Indigenous knowledges are understood as the commonsense ideas and cultural knowledges of local peoples concerning the everyday realities of living. This definition refers to the epistemic saliency of cultural traditions, values, belief systems and world views that, in any indigenous society, are imparted to the younger generation by community elders. It is also refers to world views that are products of a profoundly direct experience of nature and its relationship with the social world.

Bringing new and complex readings to the term ‘indigenous’, this collection of essays from Canadian and international contributors is an invitation to critically engage in the discussion of indigenous knowledges and their implication for academic decolonization. The essays are divided into four sections: Situating Indigenous Knowledges: Definitions and Boundaries; Indigenous Knowledge: Resistance and Advocacy; Indigenous Knowledge and the Academy; and Indigenous Knowledge and Transforming Practices.
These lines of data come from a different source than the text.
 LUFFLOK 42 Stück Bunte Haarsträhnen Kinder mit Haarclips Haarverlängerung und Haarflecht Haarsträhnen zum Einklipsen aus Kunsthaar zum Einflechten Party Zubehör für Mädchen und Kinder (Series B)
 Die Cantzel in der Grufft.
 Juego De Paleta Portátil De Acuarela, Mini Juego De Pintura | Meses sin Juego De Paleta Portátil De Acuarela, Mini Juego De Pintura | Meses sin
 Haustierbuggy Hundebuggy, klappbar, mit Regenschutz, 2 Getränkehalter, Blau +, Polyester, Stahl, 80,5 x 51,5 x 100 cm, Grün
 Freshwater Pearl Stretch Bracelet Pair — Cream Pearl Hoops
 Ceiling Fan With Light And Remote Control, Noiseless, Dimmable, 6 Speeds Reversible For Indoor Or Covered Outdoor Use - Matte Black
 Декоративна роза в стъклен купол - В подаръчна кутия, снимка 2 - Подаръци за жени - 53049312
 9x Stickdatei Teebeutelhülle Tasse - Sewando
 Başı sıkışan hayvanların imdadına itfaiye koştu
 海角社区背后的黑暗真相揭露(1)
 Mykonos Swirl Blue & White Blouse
Collectively the essays situate indigenous knowledges in relation to conventional knowledges, validate the existence of multiple sources of knowledge, and examine the varying strategies, projects, and theories that are currently being developed in support of indigenous knowledges.

The book draws attention to some of the nuances, contradictions, and contestations in affirming the place of indigenous knowledges in the academy, while maintaining that different bodies of knowledges continually influence each other to reveal the dynamism of all knowledge systems.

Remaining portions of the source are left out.